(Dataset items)
+-------+

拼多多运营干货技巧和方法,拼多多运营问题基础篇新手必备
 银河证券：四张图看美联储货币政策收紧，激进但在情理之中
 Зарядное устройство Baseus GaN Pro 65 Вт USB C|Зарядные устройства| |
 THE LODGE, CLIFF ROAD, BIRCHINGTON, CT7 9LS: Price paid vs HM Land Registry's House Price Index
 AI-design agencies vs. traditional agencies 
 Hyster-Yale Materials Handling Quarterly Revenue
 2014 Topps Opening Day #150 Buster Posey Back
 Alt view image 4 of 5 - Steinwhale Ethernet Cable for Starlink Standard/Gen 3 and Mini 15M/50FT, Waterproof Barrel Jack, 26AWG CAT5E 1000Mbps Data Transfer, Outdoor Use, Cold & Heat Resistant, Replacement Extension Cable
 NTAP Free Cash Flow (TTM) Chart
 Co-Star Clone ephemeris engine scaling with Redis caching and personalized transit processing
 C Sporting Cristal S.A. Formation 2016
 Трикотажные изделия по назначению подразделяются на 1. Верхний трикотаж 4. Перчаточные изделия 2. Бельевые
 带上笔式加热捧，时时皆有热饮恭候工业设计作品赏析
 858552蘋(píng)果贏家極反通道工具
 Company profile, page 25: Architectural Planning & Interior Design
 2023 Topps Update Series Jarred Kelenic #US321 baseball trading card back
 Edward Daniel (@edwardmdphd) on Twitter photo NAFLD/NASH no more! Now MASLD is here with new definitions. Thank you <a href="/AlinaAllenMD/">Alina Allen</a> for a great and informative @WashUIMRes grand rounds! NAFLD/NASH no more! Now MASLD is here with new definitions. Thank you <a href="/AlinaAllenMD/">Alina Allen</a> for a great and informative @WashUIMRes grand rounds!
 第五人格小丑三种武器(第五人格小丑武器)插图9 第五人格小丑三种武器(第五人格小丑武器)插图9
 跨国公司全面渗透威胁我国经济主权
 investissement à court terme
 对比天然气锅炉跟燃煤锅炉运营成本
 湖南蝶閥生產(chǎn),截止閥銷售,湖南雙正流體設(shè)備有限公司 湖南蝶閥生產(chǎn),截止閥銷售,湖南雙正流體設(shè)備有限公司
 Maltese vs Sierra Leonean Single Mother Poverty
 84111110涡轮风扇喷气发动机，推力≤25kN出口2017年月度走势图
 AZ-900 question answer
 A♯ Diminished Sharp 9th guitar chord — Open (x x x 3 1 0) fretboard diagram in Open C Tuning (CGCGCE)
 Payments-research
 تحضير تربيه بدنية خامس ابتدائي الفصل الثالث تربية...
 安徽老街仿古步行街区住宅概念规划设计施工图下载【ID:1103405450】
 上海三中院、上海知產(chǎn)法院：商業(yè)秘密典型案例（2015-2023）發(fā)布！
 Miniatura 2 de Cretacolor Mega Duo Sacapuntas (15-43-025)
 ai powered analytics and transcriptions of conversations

+-------+

• _The problem_: Copy exactly the stretch of data above from the line with "银河证券：四张图看美联储货币政策收紧，激进但在情理之中" through the line with "2014 Topps Opening", and omit all other lines.

• _Output below_:
 银河证券：四张图看美联储货币政策收紧，激进但在情理之中
 Зарядное устройство Baseus GaN Pro 65 Вт USB C|Зарядные устройства| |
 THE LODGE, CLIFF ROAD, BIRCHINGTON, CT7 9LS: Price paid vs HM Land Registry's House Price Index
 AI-design agencies vs. traditional agencies 
 Hyster-Yale Materials Handling Quarterly Revenue
 2014 Topps Opening Day #150 Buster Posey Back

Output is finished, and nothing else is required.